§ DATA EXCERPTS

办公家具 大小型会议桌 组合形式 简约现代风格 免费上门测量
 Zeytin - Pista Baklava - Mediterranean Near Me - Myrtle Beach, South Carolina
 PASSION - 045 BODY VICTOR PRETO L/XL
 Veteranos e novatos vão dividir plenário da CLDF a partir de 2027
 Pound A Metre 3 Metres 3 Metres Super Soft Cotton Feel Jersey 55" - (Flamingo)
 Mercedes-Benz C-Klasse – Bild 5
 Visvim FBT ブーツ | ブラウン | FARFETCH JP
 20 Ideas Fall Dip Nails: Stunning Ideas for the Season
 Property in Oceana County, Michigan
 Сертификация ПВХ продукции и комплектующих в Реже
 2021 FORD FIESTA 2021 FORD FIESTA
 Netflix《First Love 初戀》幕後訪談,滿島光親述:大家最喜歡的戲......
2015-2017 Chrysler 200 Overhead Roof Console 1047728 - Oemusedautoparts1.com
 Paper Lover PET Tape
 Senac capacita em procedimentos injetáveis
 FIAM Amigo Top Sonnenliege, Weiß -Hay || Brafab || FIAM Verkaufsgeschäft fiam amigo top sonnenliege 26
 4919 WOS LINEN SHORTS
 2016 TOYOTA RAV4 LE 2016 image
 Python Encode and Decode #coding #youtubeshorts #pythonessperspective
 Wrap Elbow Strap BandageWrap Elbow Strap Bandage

§ YOUR TASK
In the material above, find the line with "Сертификация ПВХ продукции"; then copy it and every line after it, exactly, through the end.

§ RESULT OF THE EXERCISE
 Сертификация ПВХ продукции и комплектующих в Реже
 2021 FORD FIESTA 2021 FORD FIESTA
 Netflix《First Love 初戀》幕後訪談,滿島光親述:大家最喜歡的戲......
2015-2017 Chrysler 200 Overhead Roof Console 1047728 - Oemusedautoparts1.com
 Paper Lover PET Tape
 Senac capacita em procedimentos injetáveis
 FIAM Amigo Top Sonnenliege, Weiß -Hay || Brafab || FIAM Verkaufsgeschäft fiam amigo top sonnenliege 26
 4919 WOS LINEN SHORTS
 2016 TOYOTA RAV4 LE 2016 image
 Python Encode and Decode #coding #youtubeshorts #pythonessperspective
 Wrap Elbow Strap BandageWrap Elbow Strap Bandage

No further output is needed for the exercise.